Like the title says I need to know how to manipulate various sub tools or selected sub tools without having to adjust each one manually.
Example torso and lower half can be scaled together but they are different sub tools, if this is an easy one well I never had to do It before.
thanks.
Replies
For simple movements you can use the "Contact" tool in the subtools menu, which alows you to lock a subtool onto areas of another subtool, so that when that area moves, the subtool will move with it, but it doesn't work with scaling (and it's super weird to use, took me a while to figure it out).
Another solution is to do it in another program, with GoZ for example. This will work for slight changes in size, but if you do a really important scale (like x100 or something), because of how Zbrush handles it's layer data, when you send your model back to zbrush all the detail information will not have scalled, so it'll look like all the details have been softened (or contrasted if you reduce it).

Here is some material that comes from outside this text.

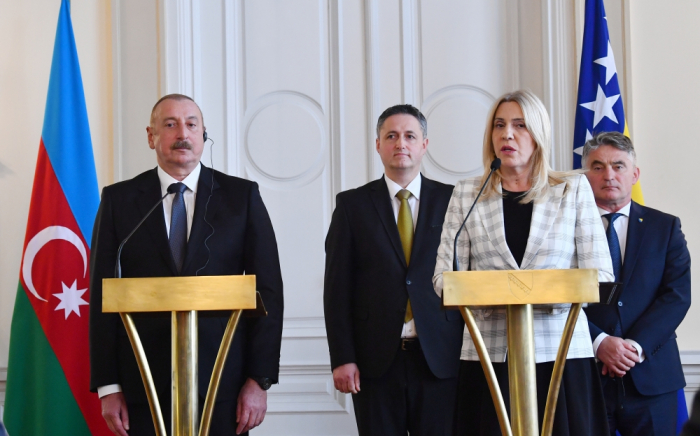  Ilham Aliyev et Zeljka Cvijanovic font des déclarations à la presse 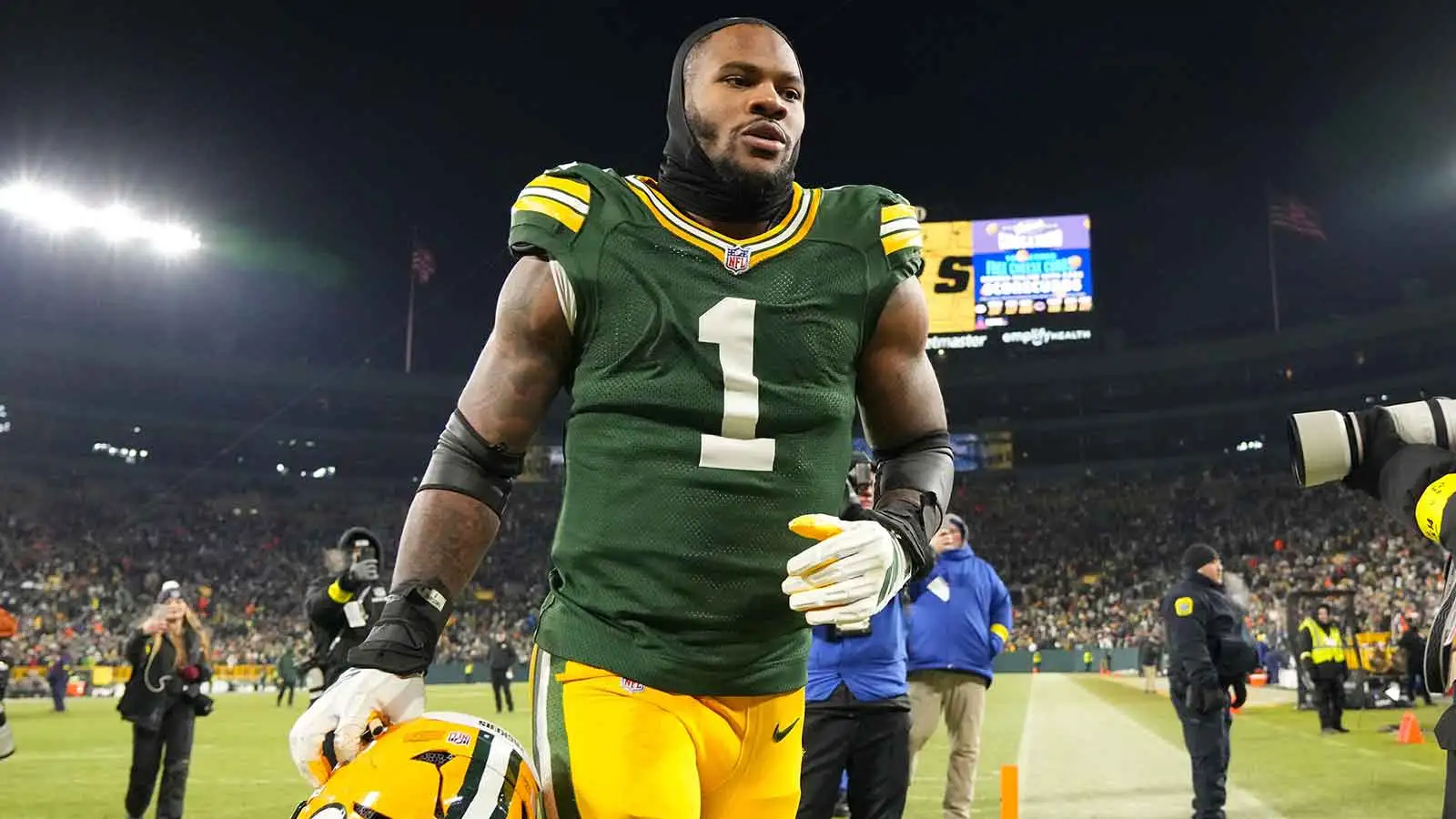 邁卡·帕森斯 (Micah Parsons) 為馬特·拉弗勒 (Matt LaFleur) 代言，未來前景不明朗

Last solution, that should actually work, but is kind of a brainfuck, is to take your subtools to a separate tool file, change the export scale offset setting, go back to your original tool, and append the your subtools from the new tool to it (might have to read that 5 or 6 times to understand wtf I'm talking about xD).
When Zbrush appends, it uses the tools export scale offset, so it'll scale your subtools... Problem is you have to calculate the scale you want precisily, you have no visual feedback of it.
Hope that helps, and I hope someone posts a super simple solution proving what an idiot I am.
I love Zbrush, but I hate it quite a bit too.
This is what I did hopefully It doesn't ruin anything:
I had to make duplicates in case anything went wrong and now I see I have to merge down then split groups.
*shaking head* making things harder for no reason.
I got another little head -f- how do you fan out ends of clothing, example bell bottom pants and sleeves? (already did It but I couldn't get the result, had to GO.Z)
/\ I think I figured out why they made the goZ option beside It being awesome but they were probably like whatever you can do in your App that you can't with ours will be solved, and we don't have to add all that other stuff and bloat our software.
I will use these other options at a later date and see which works best for now I got what I needed thanks.
Bal:
LMFAO @ brainfuck I lol'd I already knew my head was going to hurt so I said to myself bring It on! Yes I had to read It more than once too so another .lol'd.
Edit:
Hell yes!
And keep axis at center lock no matter what you do to the damn object/mesh so that you don't have to be like wtf my shit's off axis and I can't use symmetry now DAMN IT.
Depending on what the mesh looks like, I'd drop to the lowest subdivision level and use the move brush. If the base mesh's geo is too heavy, I'd draw out a mask and then strongly blur it. Then it would be fit for deforms like size, inflat, or various brushes.
For the ends of clothing, I too recommend the move brush or some variant thereof.
As to going off axis, I haven't tried it for this, but it should work... if it happens again sometime, try the "Scale Offset" command in subtool master, it's supposed to 0 it out in addition to setting scale to 1.0.